■ DATA IN THIS EXERCISE:
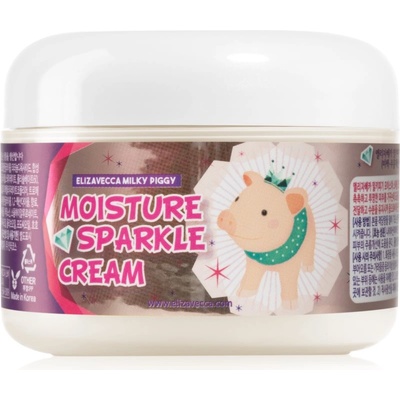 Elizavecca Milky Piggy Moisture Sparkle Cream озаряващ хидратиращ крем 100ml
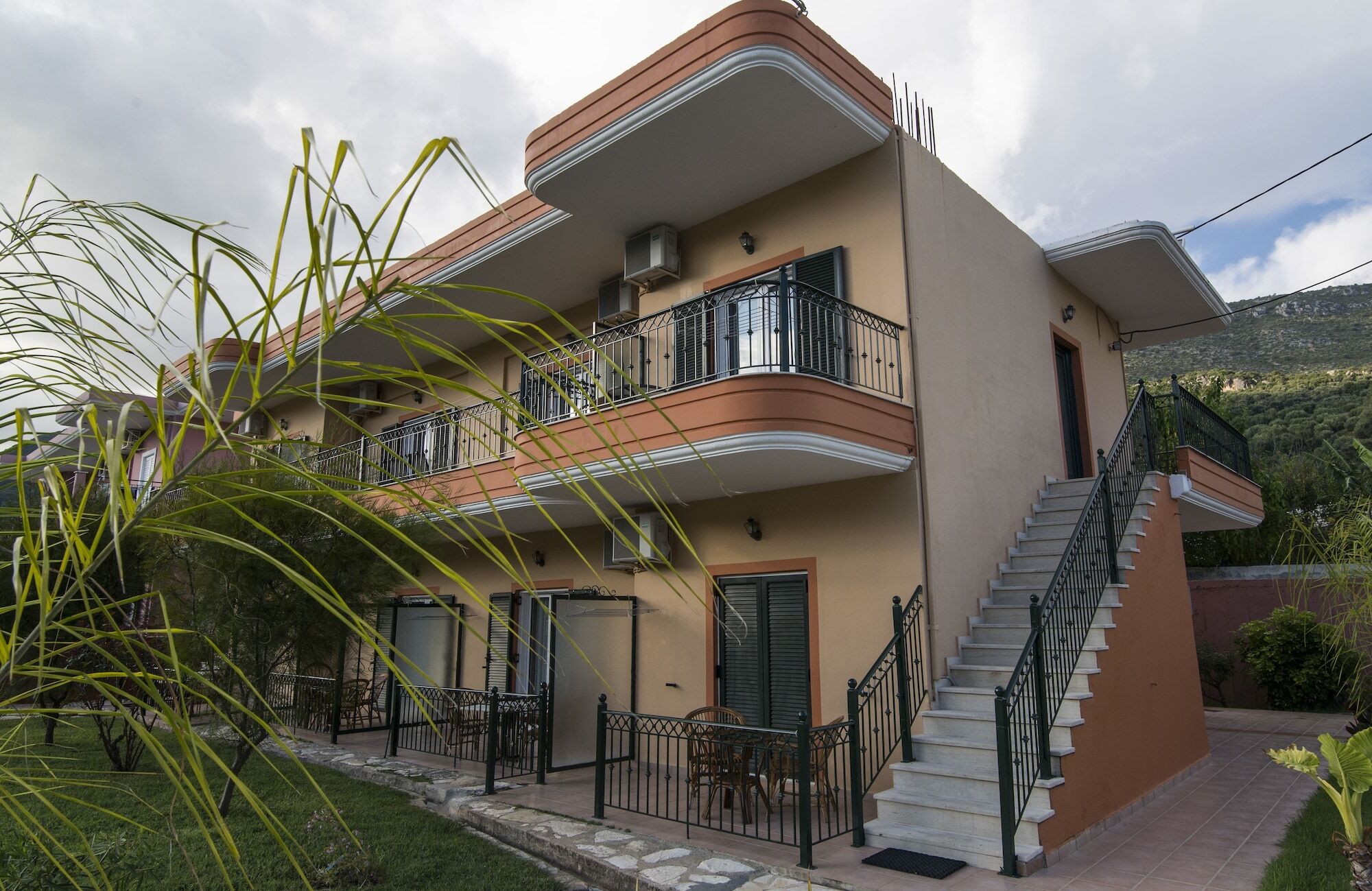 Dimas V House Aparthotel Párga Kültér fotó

==

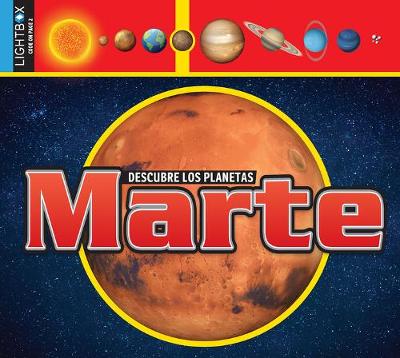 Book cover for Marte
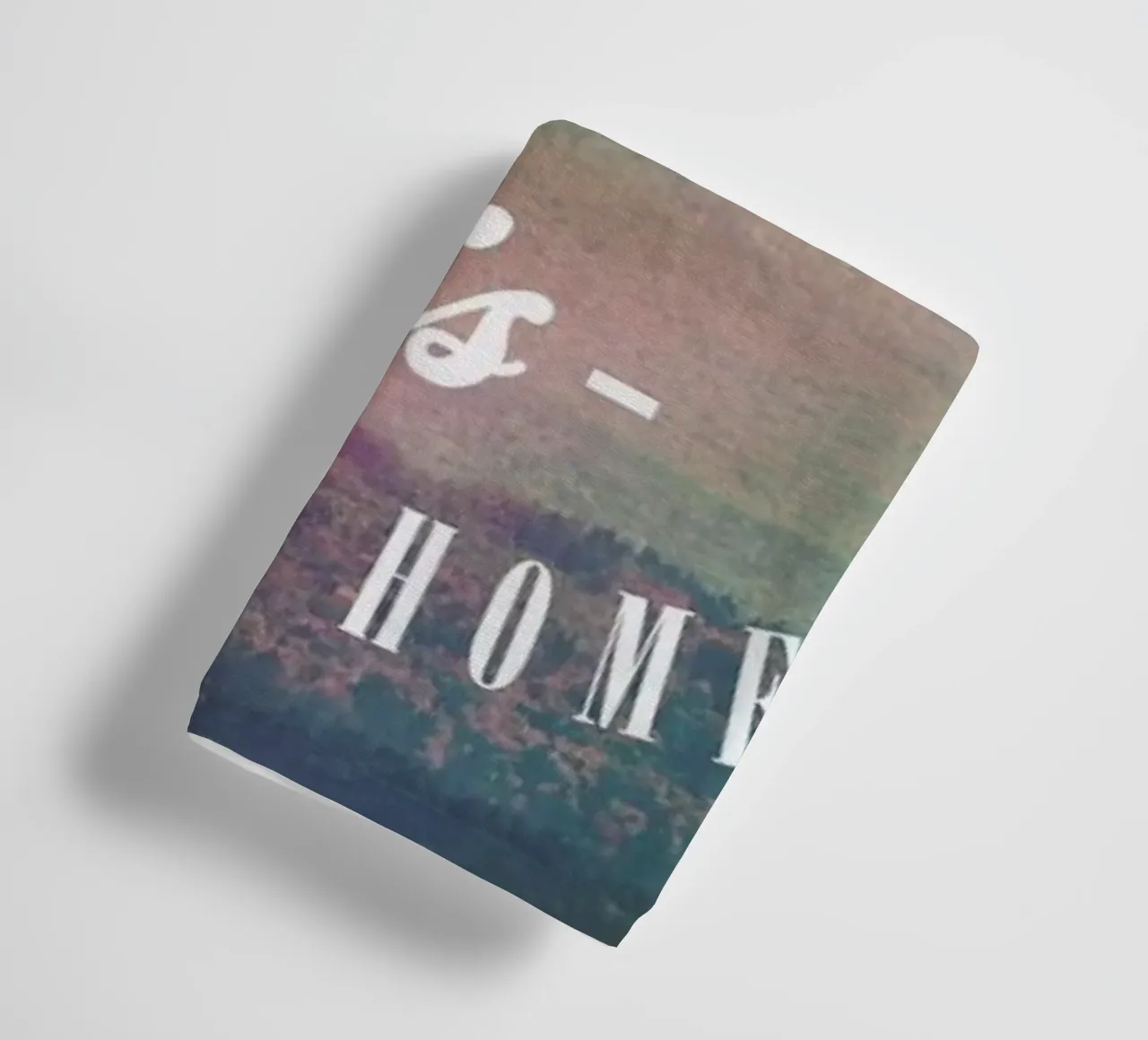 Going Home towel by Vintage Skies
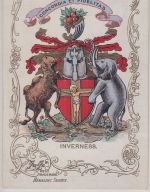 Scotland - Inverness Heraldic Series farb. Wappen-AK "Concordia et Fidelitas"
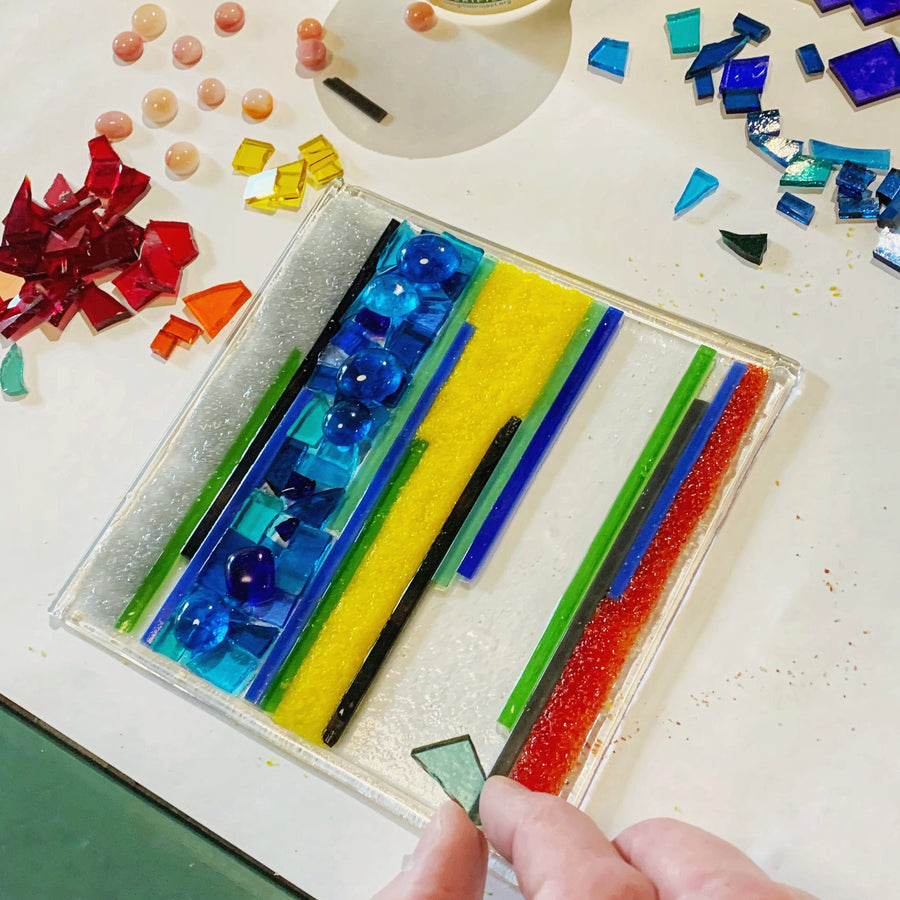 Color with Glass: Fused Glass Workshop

■ YOUR OBJECTIVE:
In the data above, start at the line holding "Elizavecca Milky Piggy" and stop after the line holding "Dimas V House Aparthotel Párga Kültér fotó"; write out those lines exactly, without pictures.

■ SOLUTION TO THIS PROBLEM:
 Elizavecca Milky Piggy Moisture Sparkle Cream озаряващ хидратиращ крем 100ml
 Dimas V House Aparthotel Párga Kültér fotó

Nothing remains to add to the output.